Supporters of the Islamist Hizb ut-Tahrir movement attend a rally in Simferopol, the administrative centre of Crimea in southern Ukraine
Supporters of the Islamist Hizb ut-Tahrir movement attend a rally in Simferopol, the administrative centre of Crimea in southern Ukraine in December 2013Reuters

Authorities of Russia's Republic of Tatarstan have arrested eight members of the London-based Islamic sect Hizb ut-Tahrir on terrorism charges.

Russia's Federal Security Service, the FSB, said they found a lot of propaganda material, including printed material and electronic texts with "extremist content" at 20 places linked to the suspects. It added that the eight were involved in recruiting Muslims in the region to engage in "attempted coups in Syria, Egypt, Uzbekistan, Kyrgyzstan and other countries".

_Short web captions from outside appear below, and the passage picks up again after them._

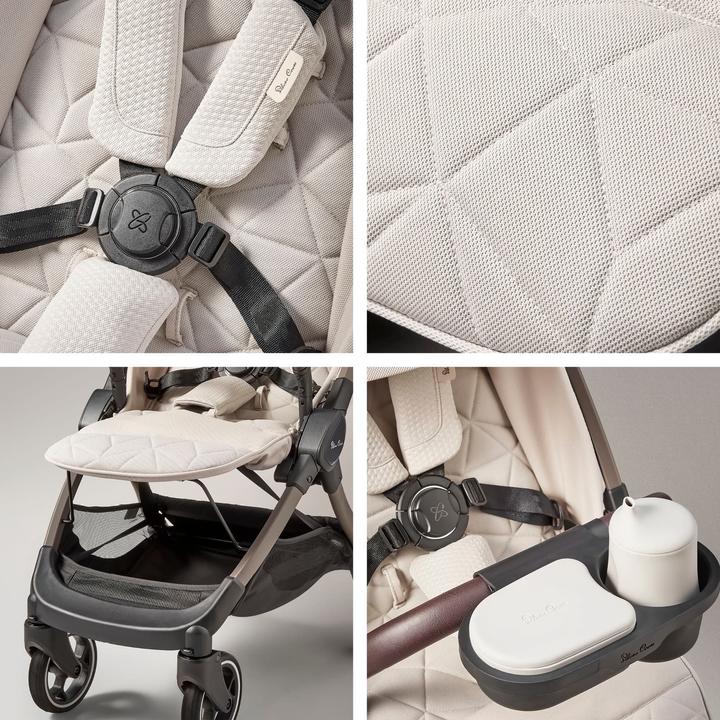Productafbeelding Silver Cross Clic kinderwagen - Amandel (0 Maanden - 4 Jaren)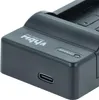 vhbw USB Ladegerät kompatibel mit Canon Digital Ixus 110 Produktbild-Vorschau 7
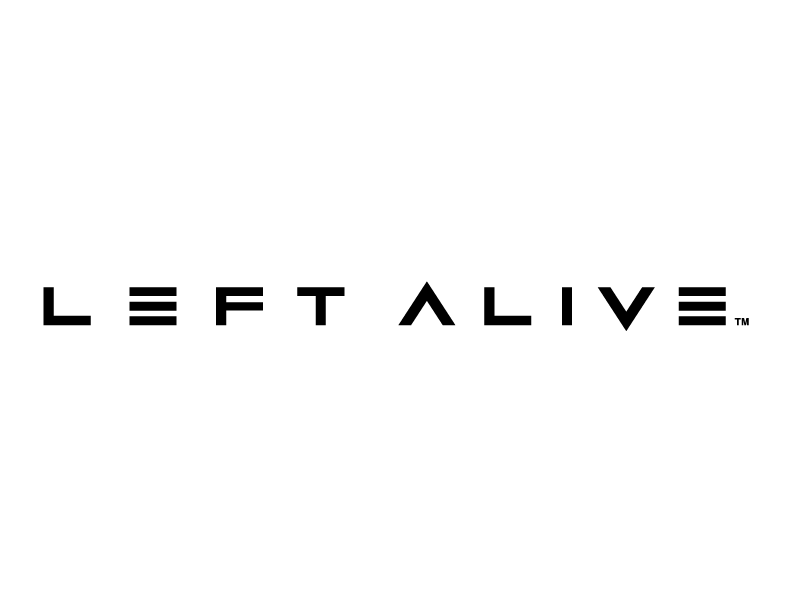 Left Alive Logo Black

Hizb ut-Tahrir al-Islami, or Islamic Party of Liberation, is considered a terrorist organisation in many countries, including Russia, which banned its activities in 2003 under Supreme Court decision. The Sunni group, which was founded in 1953 in Jerusalem by a Palestinian scholar and judge, is active in 45 countries with a membership of about one million.

It mainly seeks to establish a global caliphate of Muslims governed by sharia law with an elected caliph. Some Hizb ut-Tahrir members have openly encouraged young Muslims to go and join Isis to achieve the Islamic caliphate. But the official line is to operate through non-violent means to overthrow governments and make them become wilaya or administrative province of the caliphate. The organisation operates freely in the US and the UK.

A 2003 Newsnight investigation discovered that the group's website promoted racism and anti-Semitic hatred, "calling suicide bombers martyrs and urging Muslims to kill Jews".

In a recent interview with Australian ABC network, Hizb ut-Tahrir spokesman Wassim Doureihi dodged questions about Isis and refused to condemn beheadings.

Australian PM Tony Abbott labelled the group "un-Islamic" and "un-Australian" after the interview. "Hizb ut-Tahrir is an organisation with an ideology which justifies terrorism and that's why I say it's un-Australian," he told Fairfax Radio on Thursday.

"It's also un-Islamic, because no respectable Muslim should have these views."

The organisation has not been banned because there are no evidence it engages in terrorism. New laws that are to be approved by the end of the year should make promotion of terrorism illegal.